De fato, a necessidade de criar um sistema unificado de fundamentos teóricos para a organização do trabalho docente e educativo nas escolas é muito aguda, muito tensa. O sinal mais confiável desta situação tensa é a celeridade, a rapidez com que recentemente tem surgido e desaparecido no ambiente de nosso pensamento pedagógico uma espécie de epicentros, aqueles pontos de atração em torno dos quais começam a se agrupar de imediato as pessoas com determinadas afinidades. Ou é a ideia de “aprendizagem programada”, depois “pedagogia genética”, depois “aprendizagem evolutiva”, ou mesmo “cibernética”, a teoria da “informação” e outras modas similares. Esses passatempos não passam despercebidos, eles são aprendidos com gana, até mesmo com avidez. Vale a pena ler qualquer guia pedagógico escrito nos últimos anos para descobrir os traços de todos os passatempos desenvolvidos a curto prazo, algo como as camadas de uma massa folhada ou as franjas do estrato geológico.
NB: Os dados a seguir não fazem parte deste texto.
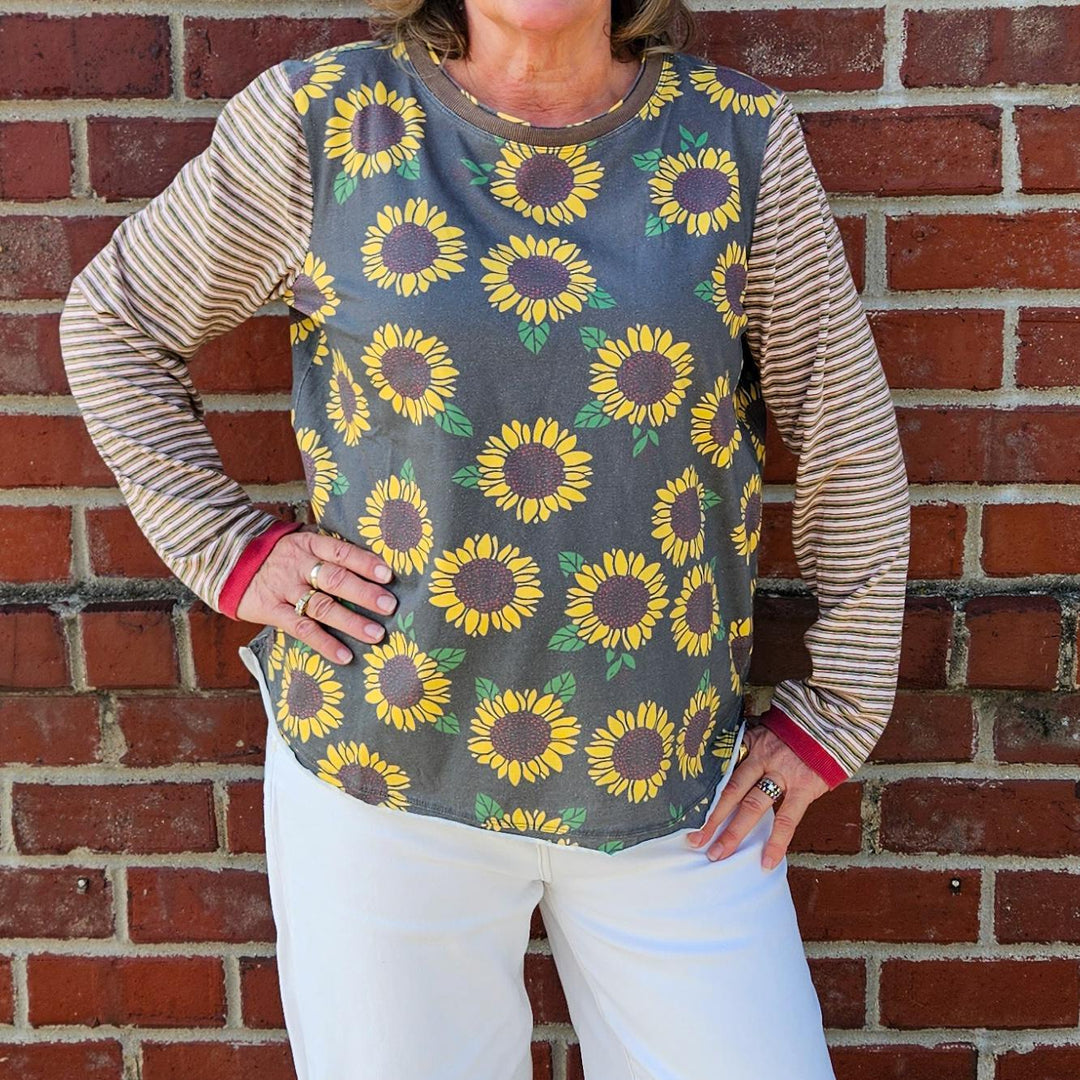 Sunflower Print Striped Shirt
Há muito a se fazer aqui! A retroalimentação externa, os programas ramificados, falar sobre o condicionamento genético das habilidades, o papel do meio e o papel das organizações do Komsomol.(1)

Naturalmente, também se fala da importância da “atividade”, da importância da atividade independente no curso do domínio do material. Às vezes, inclusive, fala-se muito, e à primeira vista parece que isso é correto. No entanto, permanecem sendo fragmentos que podem ser removidos sem alterar mais nada. Mas isso mostra também que o processo de educação (e de criação) do ser humano é compreendido fora de qualquer conexão com a característica principal da atitude especificamente humana perante o mundo e o outro — com o que faz e o que torna humana uma pessoa –, com o processo de alteração da natureza, com a atividade do sujeito no sentido mais sério da palavra.

Em termos gerais, isso já foi dito muito claramente. E, aparentemente, não se trata de repetir isso mais uma vez de uma forma geral. Por isso, tentarei analisar um problema pedagógico bem conhecido, aquele com o qual nossa escola tem muitos problemas, tanto no nível superior quanto secundário. E talvez quanto mais longe formos, mais problemático será.

Me refiro a um problema que costuma ser formulado como o problema aplicação do conhecimento na vida, na “prática”. Creio que não é necessário demonstrar que se trata de um problema delicado. Além disso, um problema que exige uma solução radical, uma solução teórica e prática.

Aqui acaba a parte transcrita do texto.